SUDBURY, Ont. – The Notre Dame Hounds have won their fifth National Midget Championship, besting the Cantonniers de Magog by a score of 5-1 to win gold at the 2018 TELUS Cup.
The Hounds headed into the first intermission with a one-goal lead over the Cantonniers, who were leading in shots-on-goal 12-5 after 20 minutes. Finding their groove, Notre Dame came on early in the second, taking a 2-0 lead on Luke Mylymok’s first goal of what would become a hat-trick night for the 16-year-old from Wilcox, Sask. After 40 minutes of play, the Hounds were up 4-0.
Jérémy Rainville (Brigham, Que.), team captain for the Cantonniers de Magog and a tournament top-scorer, helped put his team on the board in the opening minutes of the third period with an assist on the goal by Simon Pinard (Drummondville, Que.). Notre Dame shut down Magog’s shot at a comeback, with Mylymok closing the scoring at 17:44 in the third frame.
“You need your best players to step up in the big games, and it’s a little easier on the coaches when you get that kind of separation. What a game by [Luke Mylymok],” said Notre Dame head coach Devan Praught. “All year long, he led the way offensively for us. We had other guys too. But Luke’s just one of those players – it’s a big game and on the biggest stage. What a player. Unbelievable. I mean, [I’m at] a loss for words. What a group of kids. They won. The work they put in to see that come and now the looks on their faces, they’ve earned this.”
Sunday’s victory puts this year’s edition of the Notre Dame Hounds in elite company; no team has gone undefeated in regulation time since the Riverains de Richelieu in 1987. Notre Dame’s 1986 team also accomplished the feat. The Hounds have now won Canada’s National Midget Championship five times (1980, 1986, 2009, 2010, 2018), and earned nine medals – two silver, and two bronze.

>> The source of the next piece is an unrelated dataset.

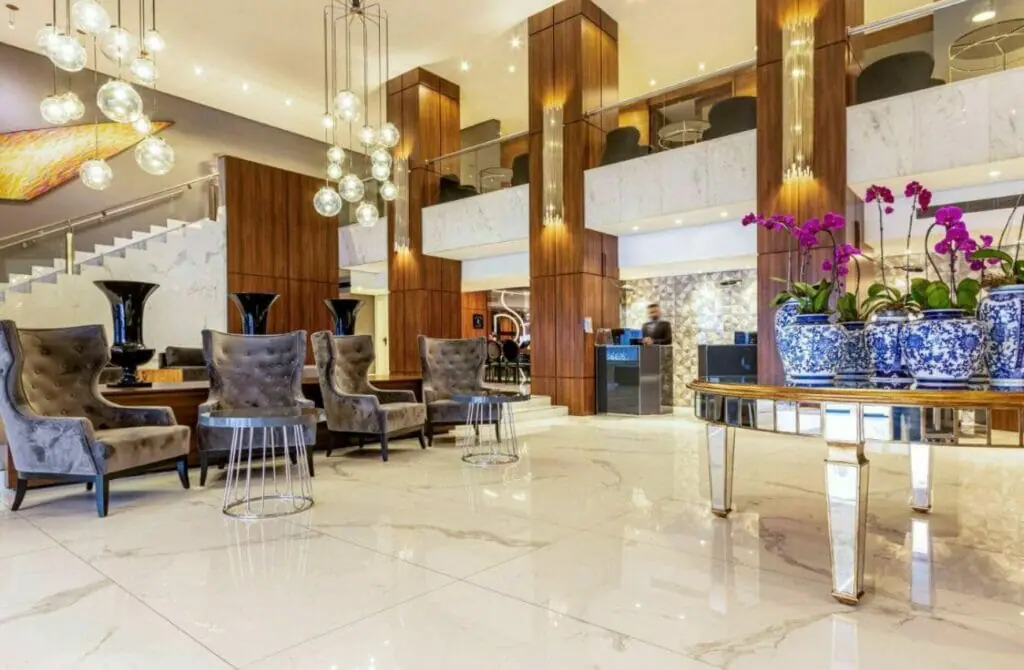 Grand Mercure Curitiba Rayon - Gay Hotel in Curitiba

A Humboldt Broncos’ Humboldt Strong banner hung in the Hounds’ dressing room all week. The team carried the banner onto the ice as part of their celebration, with the Saskatchewan-based players held it as the team skated up to collect their gold medals.
“You could feel the presence of all of them here with us today, and all of them rooting for us back home,” said Mylymok of the players and families involved in the tragedy last month. “We couldn’t be any more happy to represent the province of Saskatchewan, our school. It’s just an unbelievable feeling to be able to play for those guys.”

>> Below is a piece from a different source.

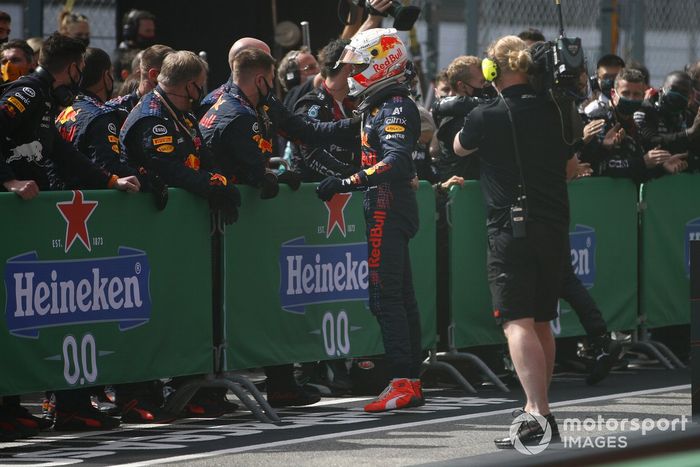 Segundo lugar Max Verstappen, Red Bull Racing, celebra en Parc Ferme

For the Cantonniers de Magog head coach, Félix Potvin, the team of 15- and 16-year-olds from Quebec leave Sudbury, Ont., with heads held high.
“I’m so proud of them. We worked hard all year, we climbed up the standings, and we won our league. We came here, they fought and we got to the final,” said Potvin, who is no stranger to short-term competition, having won the 1991 IIHF World Junior Championship on home ice in Saskatoon, Sask., and represented Canada at the 1998 IIHF World Championship. “And I’m really proud of how they played the third period. Even being down four goals, we kept pushing, we kept coming at them, we got one back. We left it all on the ice, and I’m really proud of them.”
Earlier in the day, the Lethbridge Hurricanes earned the bronze medal at the 2018 TELUS Cup, blanking the Toronto Young Nationals 4-0.
Sudbury Minor Hockey wins at 2018 TELUS Cup
Sudbury Minor Hockey earned $5,300 from the BDO Goals For Kids program, which donated $50 per goal scored at the 2018 TELUS Cup to support area kids who want to become or stay involved in the game.
As with all of Hockey Canada’s national championships, the net proceeds from all ticket sales at the event will stay within the Sudbury community to help grow the game locally. Organizers believe that attendance at the 2018 TELUS Cup averaged over 800 spectators per game.
The 2019 TELUS Cup will be hosted in Thunder Bay, Ont.